Exercise goal »
In the listing below, a line holding "A digital watch" and a line holding "Well-manicured lawn and" mark the range. Retype both exactly, with all lines between them.

------

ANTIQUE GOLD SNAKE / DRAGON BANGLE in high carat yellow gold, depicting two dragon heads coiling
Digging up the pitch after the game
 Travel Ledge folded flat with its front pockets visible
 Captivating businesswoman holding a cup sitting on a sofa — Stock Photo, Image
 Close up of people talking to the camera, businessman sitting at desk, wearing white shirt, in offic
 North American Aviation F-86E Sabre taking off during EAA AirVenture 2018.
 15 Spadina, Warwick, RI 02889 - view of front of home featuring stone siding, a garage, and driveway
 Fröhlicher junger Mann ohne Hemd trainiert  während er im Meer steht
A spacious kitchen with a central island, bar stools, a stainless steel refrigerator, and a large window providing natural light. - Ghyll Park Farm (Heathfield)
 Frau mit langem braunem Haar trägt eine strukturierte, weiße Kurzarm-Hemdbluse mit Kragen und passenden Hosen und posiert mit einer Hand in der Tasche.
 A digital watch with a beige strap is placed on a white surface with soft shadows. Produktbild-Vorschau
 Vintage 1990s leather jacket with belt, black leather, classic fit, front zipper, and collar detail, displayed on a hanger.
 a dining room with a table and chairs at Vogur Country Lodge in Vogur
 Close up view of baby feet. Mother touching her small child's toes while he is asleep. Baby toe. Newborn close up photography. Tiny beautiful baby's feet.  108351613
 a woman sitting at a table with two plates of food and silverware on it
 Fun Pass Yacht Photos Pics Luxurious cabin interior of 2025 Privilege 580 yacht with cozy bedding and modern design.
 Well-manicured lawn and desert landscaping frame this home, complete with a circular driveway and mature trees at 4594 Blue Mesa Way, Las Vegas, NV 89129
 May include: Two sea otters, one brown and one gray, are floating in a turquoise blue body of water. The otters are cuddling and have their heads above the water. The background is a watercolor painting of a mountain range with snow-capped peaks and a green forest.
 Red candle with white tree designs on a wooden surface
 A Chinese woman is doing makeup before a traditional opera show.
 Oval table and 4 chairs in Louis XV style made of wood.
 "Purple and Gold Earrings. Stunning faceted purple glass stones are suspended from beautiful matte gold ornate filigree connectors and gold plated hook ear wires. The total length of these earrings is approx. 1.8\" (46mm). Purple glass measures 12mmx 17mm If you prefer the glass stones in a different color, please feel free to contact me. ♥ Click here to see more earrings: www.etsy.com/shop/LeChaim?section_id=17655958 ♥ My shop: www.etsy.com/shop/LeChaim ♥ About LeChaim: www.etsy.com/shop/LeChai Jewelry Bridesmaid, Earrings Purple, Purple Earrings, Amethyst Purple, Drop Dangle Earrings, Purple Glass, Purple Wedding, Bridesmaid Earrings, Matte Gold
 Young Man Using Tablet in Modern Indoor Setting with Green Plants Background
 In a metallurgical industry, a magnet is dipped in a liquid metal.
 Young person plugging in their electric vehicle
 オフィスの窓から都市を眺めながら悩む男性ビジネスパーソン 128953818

------

Task answer »
 A digital watch with a beige strap is placed on a white surface with soft shadows. Produktbild-Vorschau
 Vintage 1990s leather jacket with belt, black leather, classic fit, front zipper, and collar detail, displayed on a hanger.
 a dining room with a table and chairs at Vogur Country Lodge in Vogur
 Close up view of baby feet. Mother touching her small child's toes while he is asleep. Baby toe. Newborn close up photography. Tiny beautiful baby's feet.  108351613
 a woman sitting at a table with two plates of food and silverware on it
 Fun Pass Yacht Photos Pics Luxurious cabin interior of 2025 Privilege 580 yacht with cozy bedding and modern design.
 Well-manicured lawn and desert landscaping frame this home, complete with a circular driveway and mature trees at 4594 Blue Mesa Way, Las Vegas, NV 89129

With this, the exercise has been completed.